Lewis Carroll invented word ladders because he was bored and had two restless girls to keep occupied. It was Christmas 1877, he was visiting friends in the English countryside, and the children needed entertaining. He sketched out a word puzzle that he called Doublets and showed it to them. They liked it enough that he wrote it up properly and sent it to Vanity Fair magazine a few weeks later.
The first Doublets column appeared on 29 March 1879. The puzzle was simple to explain: take two words of the same length, then change one letter at a time to turn one into the other, with every intermediate step being a real word. Carroll included worked examples and encouraged readers to submit solutions. The response was immediate.
What Carroll actually called it
Carroll used the word "Doublets" originally, then changed it to "Word Links" for a while, then back to Doublets. The puzzle went through several names in those early years. "Word Ladder" came later, used by other publications and puzzle editors who ran their own versions of the same game. By the early twentieth century, Word Ladder had become the most common name, at least in Britain and America.
Carroll also used the term "word golf" in some of his private notes, which is still a name some puzzle communities use today. The idea being that you want to complete the course (the ladder) in as few strokes (steps) as possible.
Carroll's own favourite puzzles
Carroll published solutions and bonus challenges alongside the original column. He was particularly proud of the puzzle that turned WHEAT into BREAD, which he solved in six steps. He also liked FISH into BIRD (five steps) and ARMY into NAVY (four steps, which he thought was elegantly tight).
Some of his puzzles gave readers a harder time than he expected. A column he thought was easy stumped most of his readership for weeks. He was amused by this, and it made him think more carefully about what made a puzzle fair versus cruel.
How the game spread
Vanity Fair ran Doublets for about four years. By the time Carroll stopped contributing the column, the game had already been copied by dozens of other publications. American newspapers picked it up in the early 1880s and adapted it for their own puzzle pages. The game required no equipment beyond a pencil and some vocabulary, which made it ideal for print.
By the 1900s, word ladder variants appeared in puzzle books, school curricula, and brain training manuals. The game was used by some teachers as a vocabulary exercise because it forced students to think systematically about letter patterns rather than just memorising words.
Carroll was already famous as the author of Alice in Wonderland (1865) when he invented word ladders. But he considered his mathematical and logical work, which included word puzzles, to be just as important as his fiction. He published several books of mathematical recreations and logic puzzles alongside his novels.
The computer science connection
In the twentieth century, word ladders became a serious object of study in computer science. The problem of finding the shortest path between two words in a word ladder is a classic example of a graph search problem, and it appeared in textbooks and programming courses as a way to teach algorithms. Donald Knuth, one of the most influential computer scientists of the twentieth century, analysed word ladders extensively in his writings.
Knuth even calculated that the five-letter words in a standard English dictionary form a network where most words can reach most other words in a reasonably small number of steps, something that holds because English five-letter words tend to share a lot of letter combinations.
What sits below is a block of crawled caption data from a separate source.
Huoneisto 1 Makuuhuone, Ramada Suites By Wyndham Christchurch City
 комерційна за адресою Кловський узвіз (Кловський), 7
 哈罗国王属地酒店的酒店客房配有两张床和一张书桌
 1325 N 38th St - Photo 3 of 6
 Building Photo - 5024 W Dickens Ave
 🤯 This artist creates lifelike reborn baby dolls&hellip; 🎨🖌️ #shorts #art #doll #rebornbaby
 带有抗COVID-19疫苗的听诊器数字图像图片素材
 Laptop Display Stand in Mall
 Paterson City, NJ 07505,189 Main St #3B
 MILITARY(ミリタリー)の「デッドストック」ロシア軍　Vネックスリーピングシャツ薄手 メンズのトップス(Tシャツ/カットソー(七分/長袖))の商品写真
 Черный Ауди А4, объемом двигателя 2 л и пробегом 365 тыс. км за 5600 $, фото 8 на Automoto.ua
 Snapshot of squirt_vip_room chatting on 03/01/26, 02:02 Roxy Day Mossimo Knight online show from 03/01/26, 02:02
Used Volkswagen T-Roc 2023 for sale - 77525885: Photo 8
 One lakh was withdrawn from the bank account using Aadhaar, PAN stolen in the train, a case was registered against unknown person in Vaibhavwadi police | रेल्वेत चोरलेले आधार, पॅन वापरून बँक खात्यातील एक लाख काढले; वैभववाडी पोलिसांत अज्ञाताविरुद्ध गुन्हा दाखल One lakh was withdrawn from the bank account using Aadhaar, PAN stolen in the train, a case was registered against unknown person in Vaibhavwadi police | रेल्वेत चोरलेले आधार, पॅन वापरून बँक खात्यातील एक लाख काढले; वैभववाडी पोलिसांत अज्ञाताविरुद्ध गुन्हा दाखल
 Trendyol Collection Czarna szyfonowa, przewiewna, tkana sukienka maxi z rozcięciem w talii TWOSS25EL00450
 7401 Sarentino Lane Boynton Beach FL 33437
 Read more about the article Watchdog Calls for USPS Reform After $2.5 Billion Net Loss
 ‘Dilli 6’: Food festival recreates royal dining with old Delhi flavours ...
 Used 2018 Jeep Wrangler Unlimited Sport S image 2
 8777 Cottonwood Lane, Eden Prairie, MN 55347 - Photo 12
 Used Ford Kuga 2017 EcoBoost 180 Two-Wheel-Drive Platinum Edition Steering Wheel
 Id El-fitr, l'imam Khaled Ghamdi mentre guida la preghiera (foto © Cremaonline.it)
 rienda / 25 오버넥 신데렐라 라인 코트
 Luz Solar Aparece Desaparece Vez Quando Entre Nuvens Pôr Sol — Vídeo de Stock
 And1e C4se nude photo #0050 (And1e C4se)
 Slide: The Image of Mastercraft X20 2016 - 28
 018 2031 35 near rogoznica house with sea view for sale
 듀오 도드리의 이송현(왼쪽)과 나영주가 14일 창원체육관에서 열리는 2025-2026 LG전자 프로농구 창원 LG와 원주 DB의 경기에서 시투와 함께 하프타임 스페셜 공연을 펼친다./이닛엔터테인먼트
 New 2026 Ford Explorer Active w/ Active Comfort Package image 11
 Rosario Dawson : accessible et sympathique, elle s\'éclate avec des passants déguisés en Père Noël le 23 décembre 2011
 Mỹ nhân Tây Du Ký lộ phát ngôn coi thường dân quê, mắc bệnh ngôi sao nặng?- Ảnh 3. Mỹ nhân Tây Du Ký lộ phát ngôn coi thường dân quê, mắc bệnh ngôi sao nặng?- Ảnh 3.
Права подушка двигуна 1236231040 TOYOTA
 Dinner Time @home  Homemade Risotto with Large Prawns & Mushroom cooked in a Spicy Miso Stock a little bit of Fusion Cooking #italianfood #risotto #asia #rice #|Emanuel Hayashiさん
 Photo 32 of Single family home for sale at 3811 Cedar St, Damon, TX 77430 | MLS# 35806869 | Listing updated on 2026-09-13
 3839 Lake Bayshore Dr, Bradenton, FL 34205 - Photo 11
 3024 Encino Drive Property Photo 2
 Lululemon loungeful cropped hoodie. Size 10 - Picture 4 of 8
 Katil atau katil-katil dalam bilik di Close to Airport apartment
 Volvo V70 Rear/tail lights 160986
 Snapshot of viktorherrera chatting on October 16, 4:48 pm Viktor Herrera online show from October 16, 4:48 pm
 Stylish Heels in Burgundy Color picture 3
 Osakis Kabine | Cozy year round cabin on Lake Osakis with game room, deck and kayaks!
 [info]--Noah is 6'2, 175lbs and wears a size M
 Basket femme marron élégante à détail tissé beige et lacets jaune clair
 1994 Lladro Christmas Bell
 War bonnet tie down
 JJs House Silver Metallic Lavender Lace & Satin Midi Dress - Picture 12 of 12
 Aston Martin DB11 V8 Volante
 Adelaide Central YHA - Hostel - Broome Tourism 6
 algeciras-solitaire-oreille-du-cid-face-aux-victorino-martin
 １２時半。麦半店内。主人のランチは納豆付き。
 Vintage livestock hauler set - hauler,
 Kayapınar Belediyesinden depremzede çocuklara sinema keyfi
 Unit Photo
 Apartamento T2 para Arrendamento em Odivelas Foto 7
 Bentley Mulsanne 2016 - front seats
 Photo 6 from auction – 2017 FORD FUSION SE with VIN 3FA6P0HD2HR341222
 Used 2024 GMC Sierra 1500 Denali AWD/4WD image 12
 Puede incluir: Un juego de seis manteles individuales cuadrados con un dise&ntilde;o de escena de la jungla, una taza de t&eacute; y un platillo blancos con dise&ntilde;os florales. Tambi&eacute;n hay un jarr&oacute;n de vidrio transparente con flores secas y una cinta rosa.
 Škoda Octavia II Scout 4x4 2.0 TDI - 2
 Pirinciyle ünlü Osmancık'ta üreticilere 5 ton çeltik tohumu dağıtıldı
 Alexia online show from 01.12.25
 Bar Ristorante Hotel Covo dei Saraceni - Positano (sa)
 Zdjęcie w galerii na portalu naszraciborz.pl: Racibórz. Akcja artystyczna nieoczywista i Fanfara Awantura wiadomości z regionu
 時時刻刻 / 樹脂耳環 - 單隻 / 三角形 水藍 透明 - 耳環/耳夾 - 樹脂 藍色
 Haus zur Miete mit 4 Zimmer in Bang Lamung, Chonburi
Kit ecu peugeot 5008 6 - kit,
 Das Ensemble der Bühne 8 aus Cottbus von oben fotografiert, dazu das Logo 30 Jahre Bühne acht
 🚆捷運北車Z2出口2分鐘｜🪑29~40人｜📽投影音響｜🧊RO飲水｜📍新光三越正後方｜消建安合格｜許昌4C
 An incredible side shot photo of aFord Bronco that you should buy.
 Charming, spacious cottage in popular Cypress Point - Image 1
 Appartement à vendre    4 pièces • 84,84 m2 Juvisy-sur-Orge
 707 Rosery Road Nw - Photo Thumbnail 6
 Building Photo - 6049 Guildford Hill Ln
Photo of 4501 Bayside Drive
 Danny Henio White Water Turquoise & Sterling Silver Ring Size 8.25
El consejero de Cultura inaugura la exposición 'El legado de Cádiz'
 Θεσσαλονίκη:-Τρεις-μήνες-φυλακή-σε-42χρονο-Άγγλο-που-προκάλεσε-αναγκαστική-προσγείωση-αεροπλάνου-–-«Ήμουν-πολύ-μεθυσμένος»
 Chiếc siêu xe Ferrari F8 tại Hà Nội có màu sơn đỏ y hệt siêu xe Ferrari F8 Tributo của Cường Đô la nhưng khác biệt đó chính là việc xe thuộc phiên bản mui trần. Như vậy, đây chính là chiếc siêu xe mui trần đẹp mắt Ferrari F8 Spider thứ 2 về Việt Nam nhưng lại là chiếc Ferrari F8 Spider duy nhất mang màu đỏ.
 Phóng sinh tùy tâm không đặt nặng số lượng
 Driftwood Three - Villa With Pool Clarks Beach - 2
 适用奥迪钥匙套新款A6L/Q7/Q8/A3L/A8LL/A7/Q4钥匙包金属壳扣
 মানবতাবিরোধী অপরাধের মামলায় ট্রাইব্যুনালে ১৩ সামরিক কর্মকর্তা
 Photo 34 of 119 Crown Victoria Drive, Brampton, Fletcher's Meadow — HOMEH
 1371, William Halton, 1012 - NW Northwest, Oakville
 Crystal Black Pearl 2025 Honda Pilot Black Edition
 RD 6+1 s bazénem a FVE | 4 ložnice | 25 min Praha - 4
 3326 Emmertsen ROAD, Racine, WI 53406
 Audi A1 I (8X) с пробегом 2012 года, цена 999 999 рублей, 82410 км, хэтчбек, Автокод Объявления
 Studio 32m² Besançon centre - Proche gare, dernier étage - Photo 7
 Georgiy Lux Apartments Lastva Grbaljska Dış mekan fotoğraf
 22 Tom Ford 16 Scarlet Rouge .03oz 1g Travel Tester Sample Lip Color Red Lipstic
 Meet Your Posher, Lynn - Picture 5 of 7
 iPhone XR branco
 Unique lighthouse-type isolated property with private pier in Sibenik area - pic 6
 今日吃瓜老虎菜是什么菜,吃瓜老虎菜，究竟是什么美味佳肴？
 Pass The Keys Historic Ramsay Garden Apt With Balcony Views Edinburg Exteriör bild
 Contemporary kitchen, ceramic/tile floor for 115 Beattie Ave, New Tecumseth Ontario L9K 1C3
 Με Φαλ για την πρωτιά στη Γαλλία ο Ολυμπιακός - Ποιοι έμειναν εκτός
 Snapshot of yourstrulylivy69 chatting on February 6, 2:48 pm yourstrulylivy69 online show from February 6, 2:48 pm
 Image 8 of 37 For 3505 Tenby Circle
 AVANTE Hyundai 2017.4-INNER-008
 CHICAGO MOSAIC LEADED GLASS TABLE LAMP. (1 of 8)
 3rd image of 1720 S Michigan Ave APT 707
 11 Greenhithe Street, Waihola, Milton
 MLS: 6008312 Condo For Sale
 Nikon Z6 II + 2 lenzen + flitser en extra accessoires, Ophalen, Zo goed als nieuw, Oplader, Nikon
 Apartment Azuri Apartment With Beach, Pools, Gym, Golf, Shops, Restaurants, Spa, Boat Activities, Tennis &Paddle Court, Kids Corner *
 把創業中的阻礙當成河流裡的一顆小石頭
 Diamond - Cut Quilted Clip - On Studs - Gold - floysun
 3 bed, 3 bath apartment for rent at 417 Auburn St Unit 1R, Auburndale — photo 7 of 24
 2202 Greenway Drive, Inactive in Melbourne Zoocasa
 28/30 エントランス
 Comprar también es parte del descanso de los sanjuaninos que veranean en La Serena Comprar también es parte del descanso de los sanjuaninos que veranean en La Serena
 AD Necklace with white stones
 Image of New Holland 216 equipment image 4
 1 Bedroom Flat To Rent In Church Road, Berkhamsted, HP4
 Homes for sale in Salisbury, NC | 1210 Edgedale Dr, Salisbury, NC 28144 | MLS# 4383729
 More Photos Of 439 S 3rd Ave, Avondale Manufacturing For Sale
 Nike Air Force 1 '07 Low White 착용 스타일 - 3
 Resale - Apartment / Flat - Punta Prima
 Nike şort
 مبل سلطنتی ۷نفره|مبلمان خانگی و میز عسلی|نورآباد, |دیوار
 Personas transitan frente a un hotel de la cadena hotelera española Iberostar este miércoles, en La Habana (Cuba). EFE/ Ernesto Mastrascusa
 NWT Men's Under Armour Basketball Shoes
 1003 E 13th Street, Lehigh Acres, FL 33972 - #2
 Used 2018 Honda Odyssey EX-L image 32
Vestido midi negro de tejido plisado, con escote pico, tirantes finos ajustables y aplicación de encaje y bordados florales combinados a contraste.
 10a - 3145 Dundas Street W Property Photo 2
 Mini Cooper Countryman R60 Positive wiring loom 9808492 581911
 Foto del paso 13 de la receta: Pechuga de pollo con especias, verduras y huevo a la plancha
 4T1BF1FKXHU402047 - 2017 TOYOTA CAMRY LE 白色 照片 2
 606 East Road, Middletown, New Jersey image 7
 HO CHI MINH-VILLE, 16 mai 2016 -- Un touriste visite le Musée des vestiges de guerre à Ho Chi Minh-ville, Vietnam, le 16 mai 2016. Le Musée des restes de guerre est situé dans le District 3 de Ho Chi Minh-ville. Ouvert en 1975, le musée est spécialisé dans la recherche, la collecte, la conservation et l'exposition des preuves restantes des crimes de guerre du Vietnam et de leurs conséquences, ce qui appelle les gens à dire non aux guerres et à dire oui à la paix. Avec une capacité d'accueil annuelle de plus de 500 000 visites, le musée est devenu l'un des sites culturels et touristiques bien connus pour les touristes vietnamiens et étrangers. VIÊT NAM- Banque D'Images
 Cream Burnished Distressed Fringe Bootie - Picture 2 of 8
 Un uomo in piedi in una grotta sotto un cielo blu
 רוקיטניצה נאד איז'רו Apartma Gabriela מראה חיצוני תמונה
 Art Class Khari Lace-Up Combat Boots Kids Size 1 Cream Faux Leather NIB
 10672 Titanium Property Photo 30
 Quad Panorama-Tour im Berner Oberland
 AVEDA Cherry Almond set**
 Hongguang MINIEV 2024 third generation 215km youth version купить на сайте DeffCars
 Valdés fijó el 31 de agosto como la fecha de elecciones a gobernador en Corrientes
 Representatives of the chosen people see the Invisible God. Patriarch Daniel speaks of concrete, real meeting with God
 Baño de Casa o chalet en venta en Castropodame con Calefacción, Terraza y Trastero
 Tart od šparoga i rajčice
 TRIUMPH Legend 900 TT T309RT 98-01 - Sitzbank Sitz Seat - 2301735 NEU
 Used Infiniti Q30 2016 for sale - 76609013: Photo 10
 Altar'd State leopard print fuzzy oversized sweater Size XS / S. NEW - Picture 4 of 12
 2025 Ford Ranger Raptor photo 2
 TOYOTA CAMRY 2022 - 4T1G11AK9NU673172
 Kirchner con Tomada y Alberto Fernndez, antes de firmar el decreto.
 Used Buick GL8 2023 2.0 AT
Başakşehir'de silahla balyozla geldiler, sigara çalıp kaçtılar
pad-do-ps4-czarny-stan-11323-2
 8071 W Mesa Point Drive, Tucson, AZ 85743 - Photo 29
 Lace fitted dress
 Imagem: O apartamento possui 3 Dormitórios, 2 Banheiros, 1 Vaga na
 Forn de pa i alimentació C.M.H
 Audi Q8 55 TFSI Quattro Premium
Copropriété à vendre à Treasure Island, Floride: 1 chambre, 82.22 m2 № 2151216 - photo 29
Word ladders in the digital age
The puzzle moved online gradually through the 1990s and 2000s. Early word game websites hosted word ladder generators and solvers. When the daily puzzle format exploded in popularity following the success of Wordle in 2021, word ladders got a second wave of attention. Several daily ladder games launched, each with slightly different rules and scoring systems.
The appeal has not changed much from Carroll's original version. You still need the same thing: a decent vocabulary, patience to think through options systematically, and the willingness to backtrack when a path is not working. One hundred and forty-six years later, the puzzle he sketched for two bored children at Christmas is still genuinely fun.
What Carroll would probably think of daily digital word ladders
Hard to say, obviously. But Carroll was a mathematician who cared about rigour, a writer who cared about language, and a puzzle designer who cared about fairness. He would probably approve of the daily format because it creates a shared experience, something he was interested in with the Vanity Fair column. He might have some opinions about scoring systems. He always had opinions about things like that.